The Riddle of the Sands - Erskine Childers, Milton Bearden

As for the other two, the girl when I saw her next, in her short boating skirt and tam-o’-shanter, was a miracle of coolness and pluck. But for her I should never have got him away. And ah! how good it was to be out in the wholesome rain again, hurrying to the harbour with my two charges, hurrying them down the greasy ladder to that frail atom of English soil, their first guerdon of home and safety.

The Riddle of the Sands is often hailed as the original spy novel that laid the groundwork for the more famous adventures of later characters such as James Bond. Except, of course, that Childers tale of two young men going off on a sailing trip and inadvertently stopping an invasion is nothing but a boys own adventure story.

Granted, most James Bond novels are adult versions of simple adventure stories, but at least Fleming added some style, some character development, social criticism, and reflections on the complexities of human nature to his stories. As many of you know, and as those long-suffering buddies who have read a Bond novel with me can attest to, I have some problems with some of the attitudes displayed in Fleming’s books. Yet, I’d prefer the worst of his writing to the Childers exploits in the spy genre. Not only lacked the story anything memorable (other than the proposed invasion), the proposed politics or assumed strategy in the book seemed quite illogical and just wrong – as would be proven during the First World War. The book is also pretty boring.
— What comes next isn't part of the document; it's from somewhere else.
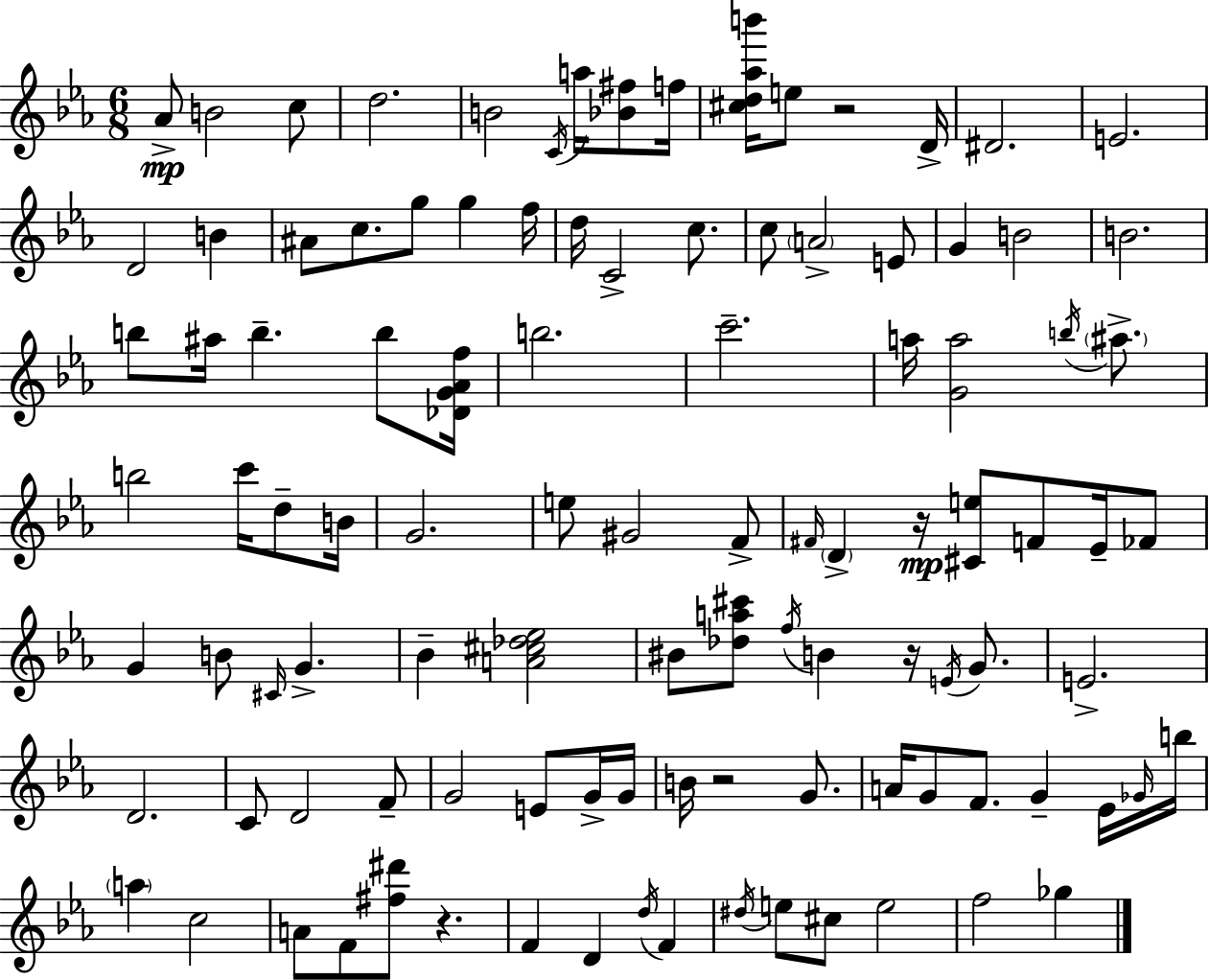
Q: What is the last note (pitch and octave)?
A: Gb5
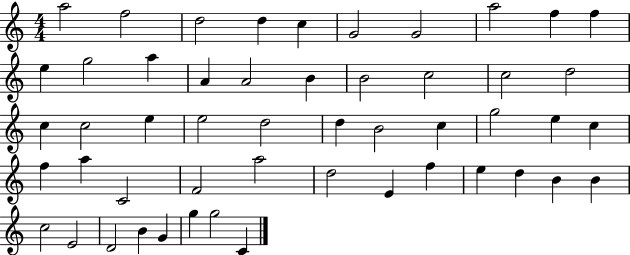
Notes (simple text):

A5/h F5/h D5/h D5/q C5/q G4/h G4/h A5/h F5/q F5/q E5/q G5/h A5/q A4/q A4/h B4/q B4/h C5/h C5/h D5/h C5/q C5/h E5/q E5/h D5/h D5/q B4/h C5/q G5/h E5/q C5/q F5/q A5/q C4/h F4/h A5/h D5/h E4/q F5/q E5/q D5/q B4/q B4/q C5/h E4/h D4/h B4/q G4/q G5/q G5/h C4/q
Well, at least for someone who is not interested in the finer details of sailing.

The aspect that unnerved me most about the book, however, is that it’s story of a planned invasion of Britain by Germany fed into a general paranoia held by society at the time, that it took advantage of a fear of being attacked, that it glorified that naive sense of nationalism that would lead so many into the juggernaut that was WWI, and that its publication actually led to Britain building additional naval bases and increase its efforts in the arms race.

Is it not becoming patent that the time has come for training all Englishmen systematically either for the sea or for the rifle?